Fakat İl Başkanlığı Ortahisar için şu savunmayı yapabilir: "Biz, milletvekillerine verdiğimiz raporda bu aday ile Ortahisar'ı kaybederiz. Biz demiştik ama sözümüzü dinletemedik" gibi bir söylem ortaya atılabilir.

Ya anketlere ne demeli? Bu anketleri kim yaptırmış ise Ortahisar'ın kaybedilmesinde etkinliği göz ardı edilemez. Yanlış çıkan sonuçlar, yanlış yönlendirmeleri ve biz kazandık havasını da beraberinde getirdi.

Belki de Ramazan Bayramı'ndan sonra AK Parti'de köklü değişimler olacak. Başkan Erdoğan, bu hezimetin hesabını yerelde ve genelde sormadan bırakmaz.

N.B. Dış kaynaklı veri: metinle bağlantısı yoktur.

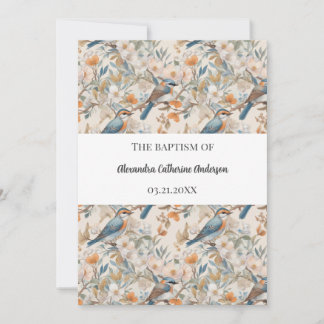 Invitation Baptême d'aquarelle des oiseaux heureux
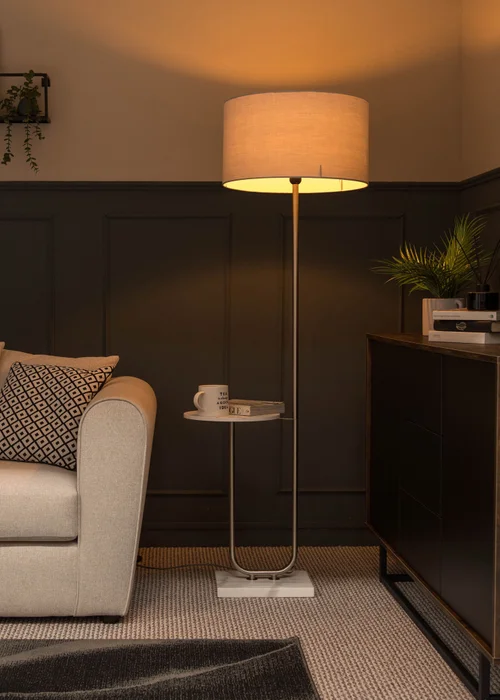 ValueLights Tavel Brushed Silver Floor Lamp White Shade (132.5cm x 30cm x 37cm) - One Size Image 4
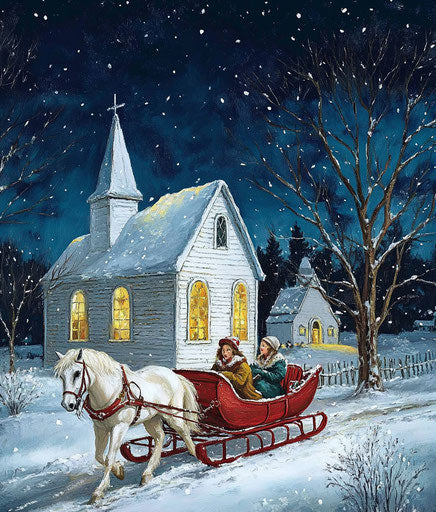 White horse pulling an old red sleigh with two people inside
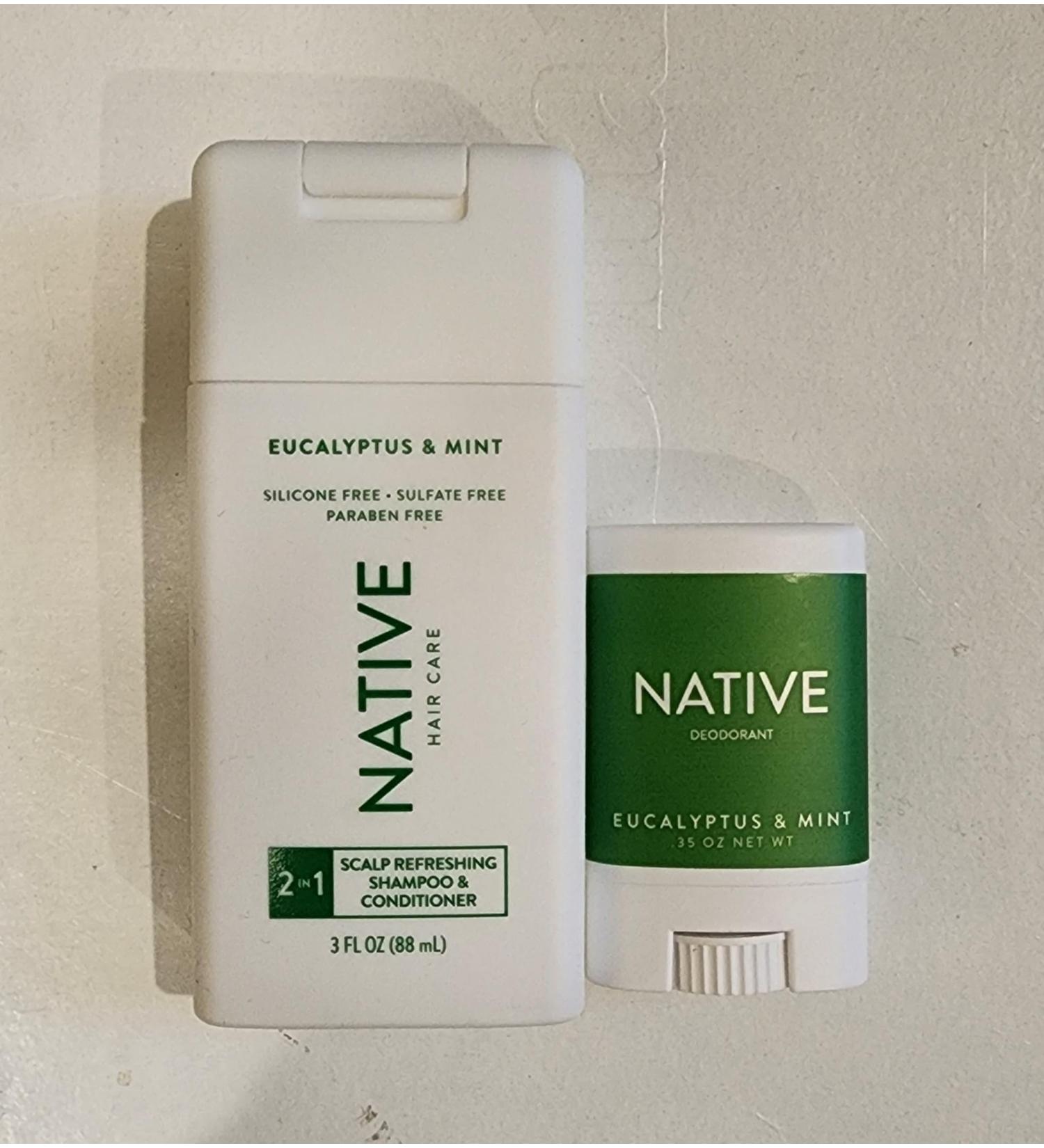 Shop Native Travel Set: Aluminum-Free Deodorant & 2-in-1 Shampoo & Conditioner - Eucalyptus & Mint | Vegan Travel Size - Buy Online on GoSupps.com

Elleri ile bin bir zorlukla göğüs gererek 22 yılda büyüttüğü ve bu seviyeye getirdiği partisinin bir seçimle bu hale gelmesi en çok da Başkan Erdoğan'ı üzmüştür, içinde ne fırtınalar kopuyordur kuşkusuz.

Partisinin yeniden eski günlere dönmesi için atacağı adımlar çok doğal karşılanmalıdır. Ya da olmaz ama Başkan Erdoğan harekete geçmeden seçim başarısızlığından sorumlu olanlar bir bir gerekeni yaparlar mı? Ama bu tür bir gelişme günümüz Türkiye siyasetinde pek olası bir durum değil. Kimse çıkıp da "sorumluluk benim" demez.

Ramazan Bayramınızı kutlar, ailenizle sağlıklı, mutlu ve huzurlu bir bayram geçirmenizi Yüce Allah'tan dilerim.